> [Problem description] Read through the data below and state how many of its lines contain the word "Gold", adding nothing.

> [Records]

══════════

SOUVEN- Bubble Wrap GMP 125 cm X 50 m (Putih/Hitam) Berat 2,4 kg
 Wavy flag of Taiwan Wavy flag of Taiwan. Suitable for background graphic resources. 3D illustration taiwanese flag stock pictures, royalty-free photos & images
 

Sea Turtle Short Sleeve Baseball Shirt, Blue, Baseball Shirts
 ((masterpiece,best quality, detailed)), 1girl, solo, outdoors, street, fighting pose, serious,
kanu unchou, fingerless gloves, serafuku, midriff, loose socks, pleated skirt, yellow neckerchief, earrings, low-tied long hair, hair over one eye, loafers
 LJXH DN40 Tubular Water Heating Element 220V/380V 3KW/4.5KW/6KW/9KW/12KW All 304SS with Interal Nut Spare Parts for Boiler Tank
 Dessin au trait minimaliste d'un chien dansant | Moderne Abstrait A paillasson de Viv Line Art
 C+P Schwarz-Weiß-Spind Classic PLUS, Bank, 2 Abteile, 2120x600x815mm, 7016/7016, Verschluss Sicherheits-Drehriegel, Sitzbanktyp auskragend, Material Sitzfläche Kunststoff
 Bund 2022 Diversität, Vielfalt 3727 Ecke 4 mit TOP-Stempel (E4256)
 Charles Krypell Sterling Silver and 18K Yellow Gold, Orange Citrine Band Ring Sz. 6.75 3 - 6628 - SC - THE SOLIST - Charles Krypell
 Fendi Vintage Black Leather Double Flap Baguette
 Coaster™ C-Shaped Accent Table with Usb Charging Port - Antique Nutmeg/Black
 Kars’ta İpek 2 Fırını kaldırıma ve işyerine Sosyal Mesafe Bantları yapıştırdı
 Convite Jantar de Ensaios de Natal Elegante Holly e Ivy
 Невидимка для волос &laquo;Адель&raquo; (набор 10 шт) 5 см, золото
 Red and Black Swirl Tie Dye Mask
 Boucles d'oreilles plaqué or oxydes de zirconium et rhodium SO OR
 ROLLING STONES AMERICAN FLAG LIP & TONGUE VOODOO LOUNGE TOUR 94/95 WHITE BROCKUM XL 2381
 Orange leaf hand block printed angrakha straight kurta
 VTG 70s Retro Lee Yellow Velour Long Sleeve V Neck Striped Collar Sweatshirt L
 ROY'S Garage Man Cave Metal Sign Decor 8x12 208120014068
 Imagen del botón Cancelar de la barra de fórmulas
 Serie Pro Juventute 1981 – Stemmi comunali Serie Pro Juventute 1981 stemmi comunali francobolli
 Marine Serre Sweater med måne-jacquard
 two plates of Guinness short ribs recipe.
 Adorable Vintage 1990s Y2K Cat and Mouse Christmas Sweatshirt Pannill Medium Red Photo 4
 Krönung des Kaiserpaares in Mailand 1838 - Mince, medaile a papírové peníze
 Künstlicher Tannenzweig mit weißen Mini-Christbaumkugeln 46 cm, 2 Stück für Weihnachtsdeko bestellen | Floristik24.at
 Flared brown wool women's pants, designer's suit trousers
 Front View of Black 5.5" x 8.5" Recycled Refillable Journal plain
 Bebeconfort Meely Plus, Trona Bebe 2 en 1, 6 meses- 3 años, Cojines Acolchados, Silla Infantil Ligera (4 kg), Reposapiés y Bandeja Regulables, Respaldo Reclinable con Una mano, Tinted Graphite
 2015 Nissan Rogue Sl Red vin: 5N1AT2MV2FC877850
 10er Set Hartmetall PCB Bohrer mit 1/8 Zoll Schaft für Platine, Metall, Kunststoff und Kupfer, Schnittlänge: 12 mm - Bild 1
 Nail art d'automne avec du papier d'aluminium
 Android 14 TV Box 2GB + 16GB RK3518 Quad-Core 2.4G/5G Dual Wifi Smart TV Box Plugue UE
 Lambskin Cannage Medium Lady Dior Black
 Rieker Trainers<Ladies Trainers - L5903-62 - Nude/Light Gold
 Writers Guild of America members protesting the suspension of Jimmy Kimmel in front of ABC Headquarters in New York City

══════════

> [Result] 2